- [DATA SHOWN]:
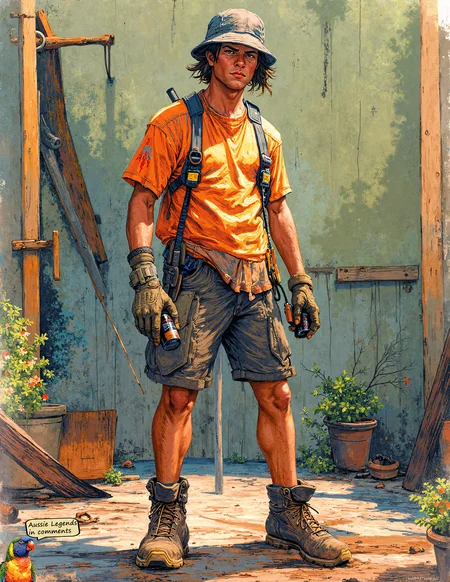 A lanky Australian apprentice tradesperson stands casually in a backyard his posture slightly hunched exuding the exhaustion of a long day’s work. His disheveled mid-length hair peeks out from under a worn bucket hat strands sticking awkwardly to his sunburned forehead. His high-visibility workman’s shirt loose and stained with a streak of tomato sauce hangs untucked over a pair of faded footy shorts. Oversized well-worn boots encase his hairy legs scuffed from countless days on the job. He holds a dirt-smeared shovel slung over one shoulder the other hand loosely clutching a black energy drink condensation dripping down the can. His face sun-kissed and reddened around the nose carries a mix of tiredness and mild confusion his brows furrowed and lips slightly parted as if caught mid-thought. The background is minimal yet suggestive of a garden or backyard workspace. A wheelbarrow tipped on its side lies nearby and a few potted plants rest unevenly along a dusty path. Behind him the faint outline of a half-finished wooden deck is visible planks scattered haphazardly while tools like a hammer and a saw glint faintly in the sun. These elements fade into abstract washes of muted greens and browns. The composition is raw and candid capturing an unpolished distinctly Australian moment of labor and fatigue. Anime style.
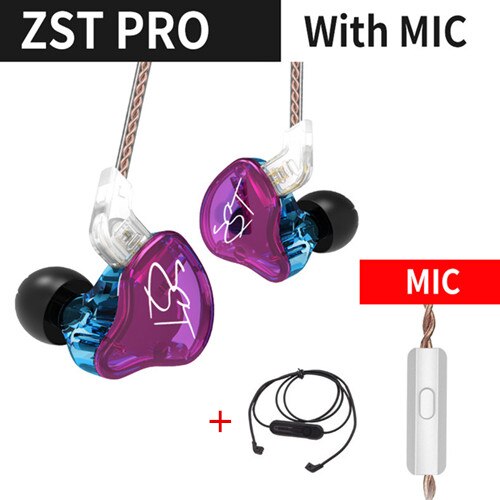 Kz Zst Bluetooth Oortelefoon 1DD + 1BA Driver Dynamische & Anker In Ear Monitors Geluidsisolerende Hifi Muziek Sport Oordopjes headset: Pro mic Bluetooth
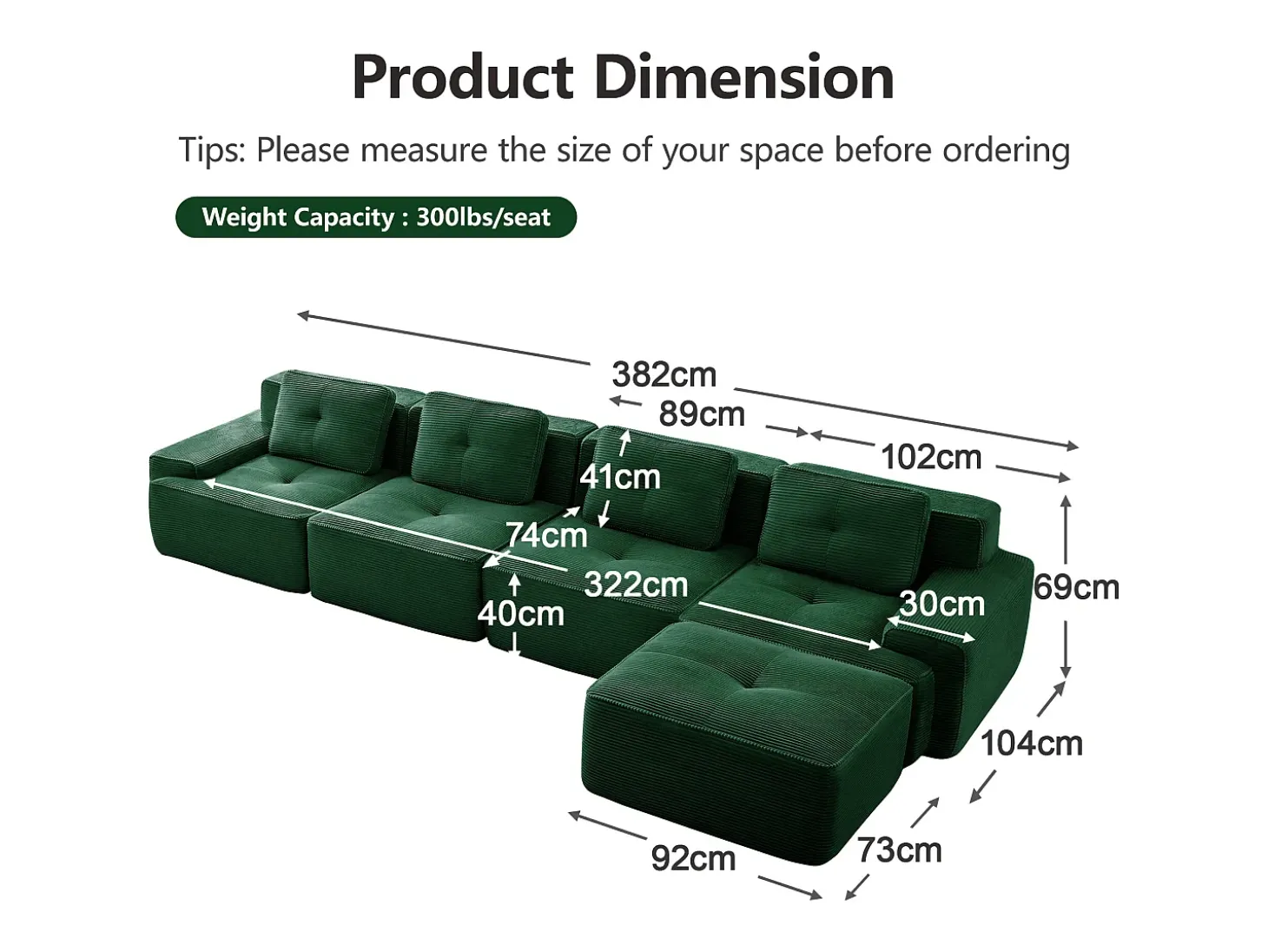 Sofá Modular 4 lugares em Veludo cotelê, com puff e 4 almofadas, 382x177x69cm, Verde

- [EXERCISE OBJECTIVE]:
When you repeat the material above, keep every word exact and leave out the pictures.

- [RESULT BELOW]:
 A lanky Australian apprentice tradesperson stands casually in a backyard his posture slightly hunched exuding the exhaustion of a long day’s work. His disheveled mid-length hair peeks out from under a worn bucket hat strands sticking awkwardly to his sunburned forehead. His high-visibility workman’s shirt loose and stained with a streak of tomato sauce hangs untucked over a pair of faded footy shorts. Oversized well-worn boots encase his hairy legs scuffed from countless days on the job. He holds a dirt-smeared shovel slung over one shoulder the other hand loosely clutching a black energy drink condensation dripping down the can. His face sun-kissed and reddened around the nose carries a mix of tiredness and mild confusion his brows furrowed and lips slightly parted as if caught mid-thought. The background is minimal yet suggestive of a garden or backyard workspace. A wheelbarrow tipped on its side lies nearby and a few potted plants rest unevenly along a dusty path. Behind him the faint outline of a half-finished wooden deck is visible planks scattered haphazardly while tools like a hammer and a saw glint faintly in the sun. These elements fade into abstract washes of muted greens and browns. The composition is raw and candid capturing an unpolished distinctly Australian moment of labor and fatigue. Anime style.
 Kz Zst Bluetooth Oortelefoon 1DD + 1BA Driver Dynamische & Anker In Ear Monitors Geluidsisolerende Hifi Muziek Sport Oordopjes headset: Pro mic Bluetooth
 Sofá Modular 4 lugares em Veludo cotelê, com puff e 4 almofadas, 382x177x69cm, Verde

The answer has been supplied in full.